TO improve ties between Myanmar and the USA the American Chamber of Commerce Myanmar, the National Foreign Trade Council, the US-ASEAN Business Council, the United States Chambers of Commerce and the United States Council of International Business called for the US government to ease sanctions on Myanmar last month.
Members of the US business community supported Obama’s engagement in Myanmar thus far, including the lifting of import bans, the easing of finance and investment bans, the opening of a USAID office and extending both the OPIC (Overseas Private Investment Corporation) and the Export-Import Bank support.
The letter also pointed to the positive election results in November—in which Daw Aung San Suu Kyi’s National League for Democracy won a vast majority of parliamentary seats.
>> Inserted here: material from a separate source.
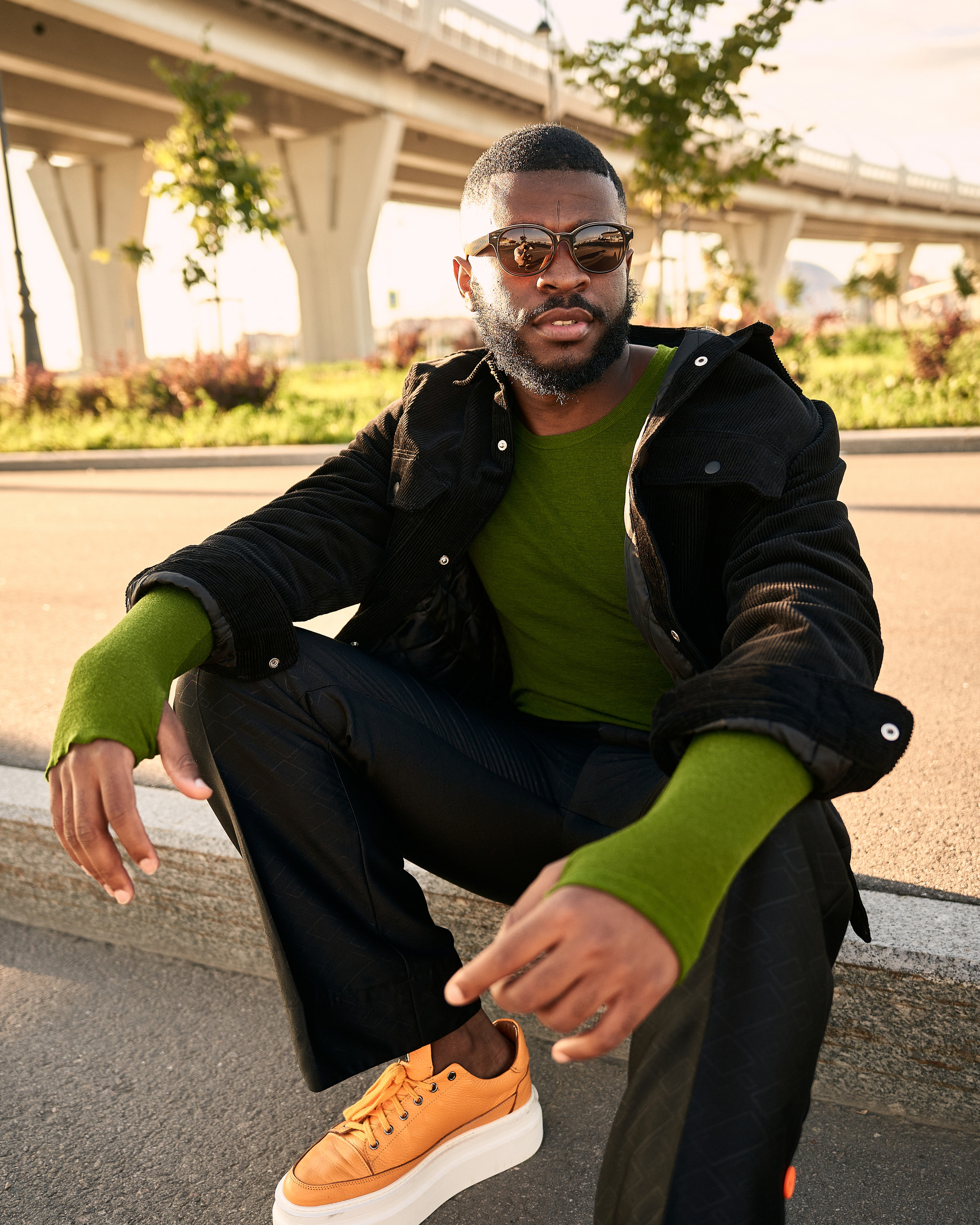 Sir Habu Omar. Фотограф Дмитрий Цветков | Санкт-Петербург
Vice President U Nyan Tun asked the Obama administration to lift the US sanctions on Myanmar at the meeting of Southeast Asian leaders in California in mid February. U Nyan Tun said that although the US had given economic support to other ASEAN countries, Myanmar had received little developmental assistance because
of the sanctions.
American sanctions on Myanmar were initiated in 1997 when the country was under military rule. It was not until 2012 that the United States restored diplomatic ties with Myanmar, one year after current President U Thein Sein’s quasi-civilian government came to power.
Since last year, the UMFCCI has been urging the US government to re-examine the sanctions list and remove some companies and individuals. This, the body argues, would create a level playing field in Myanmar for US companies with otherwise limited business power.